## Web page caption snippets
* * * * * * * * *

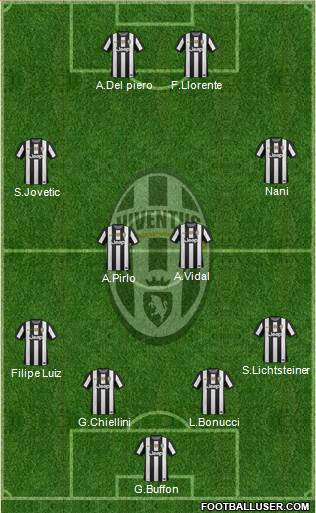 Juventus Formation 2013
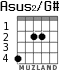 Asus2/G# для гитары - вариант 1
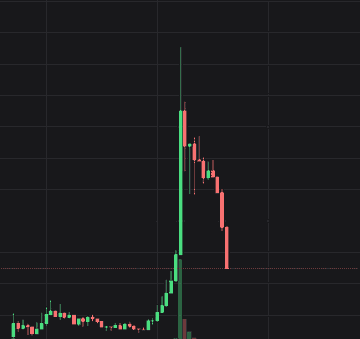 A dark candlestick chart showing a sharp price spike followed by a decline, with green and red candles indicating market movements.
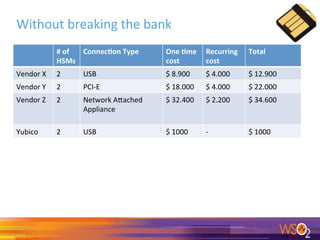 Without	breaking	the	bank	
#	of	
HSMs	
Connec0on	Type	 One	0me	
cost		
Recurring	
cost	
Total	
Vendor	X	 2	 USB		 $	8.900	 $	4.000	 $	12.900	
Vendor	Y	 2	 PCI-E	 $	18.000	 $	4.000	 $	22.000	
Vendor	Z	 2	 Network	Agached	
Appliance	
	
$	32.400	 $	2.200	 $	34.600	
Yubico	 2	 USB	 $	1000	 -	 $	1000	
 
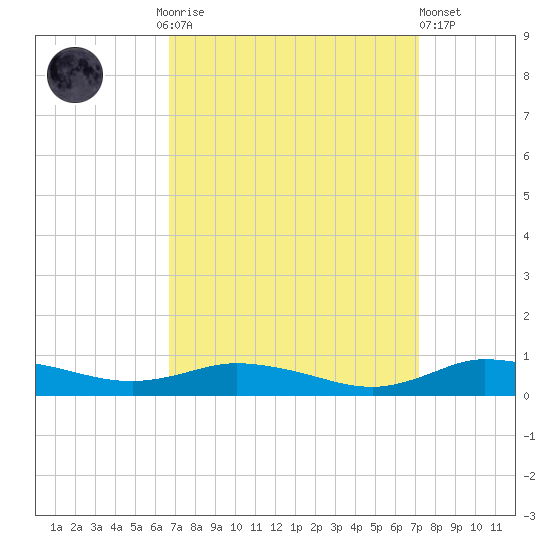 Greenbackville tide chart for Thursday, September 14, 2023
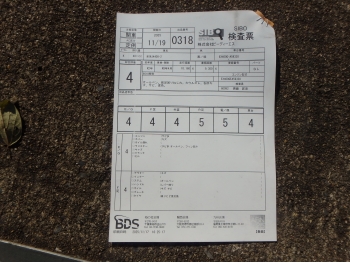 �������� �� ������ �������� Kawasaki Ninja400-2 2020 ���� 5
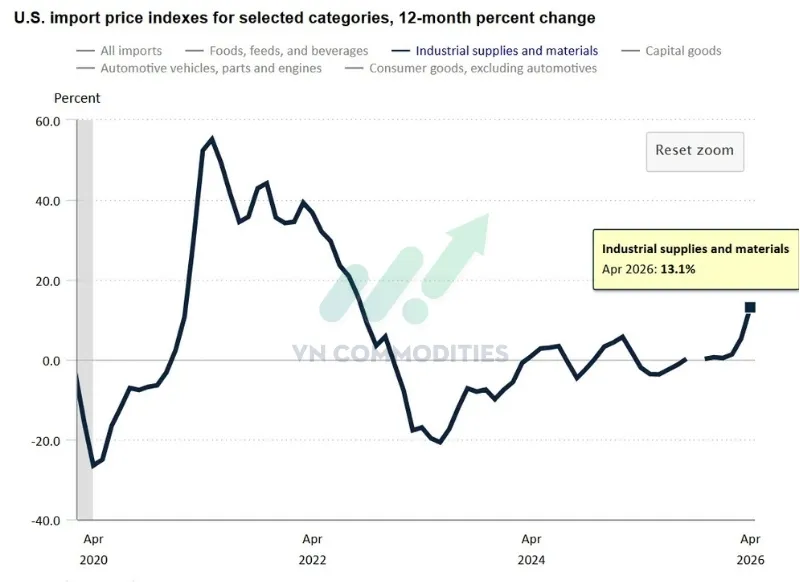 Vật tư v&agrave; vật liệu c&ocirc;ng nghiệp tăng mạnh +13.1% YoY từ +5.3% th&aacute;ng trước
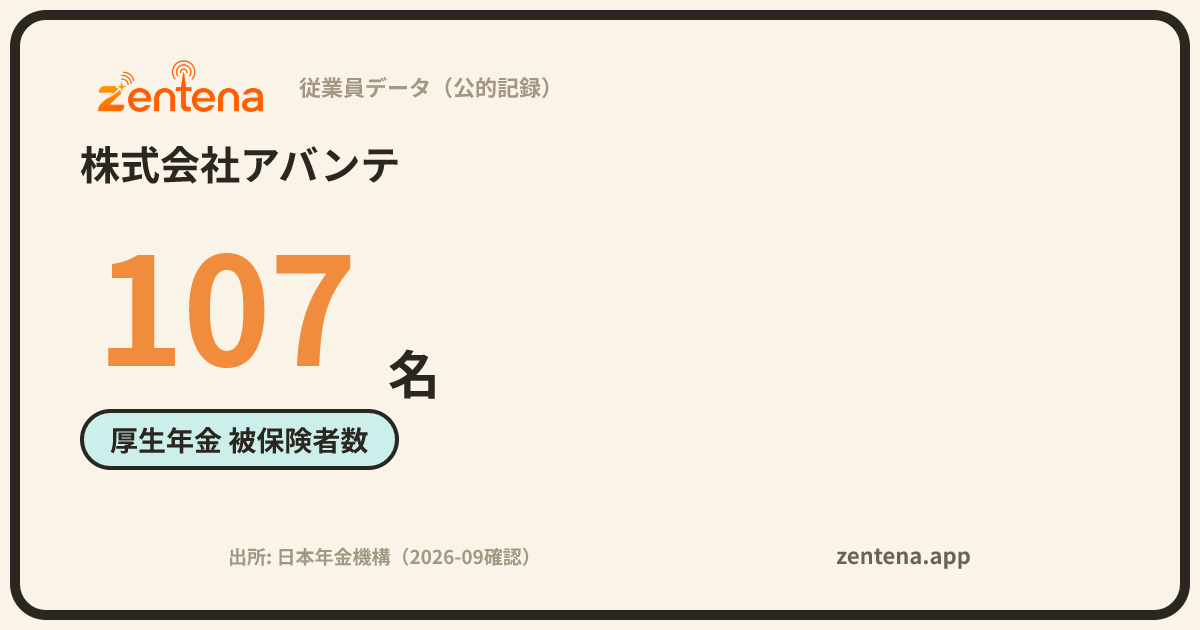 株式会社アバンテの従業員データカード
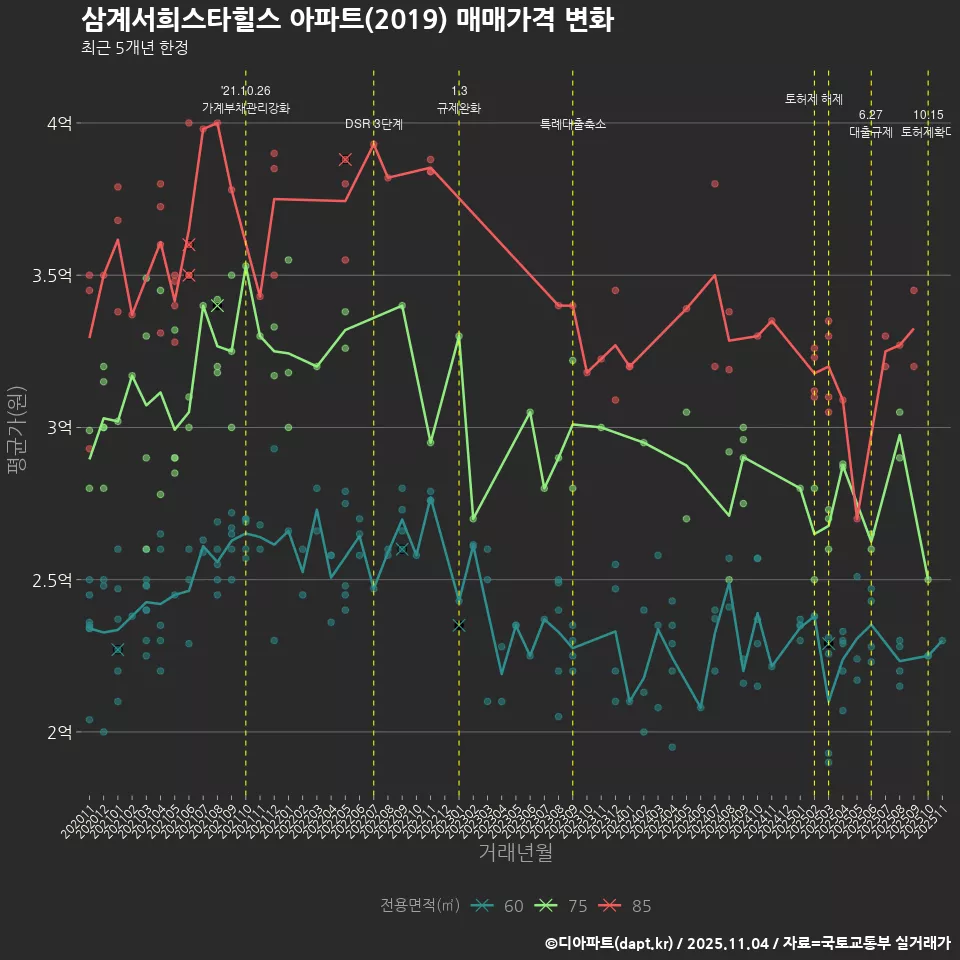 삼계서희스타힐스 아파트(2019) 매매가격 변화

* * * * * * * * *

## Your instructions
In the copy, include every entry above exactly and leave out each picture.

## Solution to this task
 Juventus Formation 2013
 Asus2/G# для гитары - вариант 1
 A dark candlestick chart showing a sharp price spike followed by a decline, with green and red candles indicating market movements.
 Without	breaking	the	bank	
#	of	
HSMs	
Connec0on	Type	 One	0me	
cost		
Recurring	
cost	
Total	
Vendor	X	 2	 USB		 $	8.900	 $	4.000	 $	12.900	
Vendor	Y	 2	 PCI-E	 $	18.000	 $	4.000	 $	22.000	
Vendor	Z	 2	 Network	Agached	
Appliance	
	
$	32.400	 $	2.200	 $	34.600	
Yubico	 2	 USB	 $	1000	 -	 $	1000	
 
 Greenbackville tide chart for Thursday, September 14, 2023
 �������� �� ������ �������� Kawasaki Ninja400-2 2020 ���� 5
 Vật tư v&agrave; vật liệu c&ocirc;ng nghiệp tăng mạnh +13.1% YoY từ +5.3% th&aacute;ng trước
 株式会社アバンテの従業員データカード
 삼계서희스타힐스 아파트(2019) 매매가격 변화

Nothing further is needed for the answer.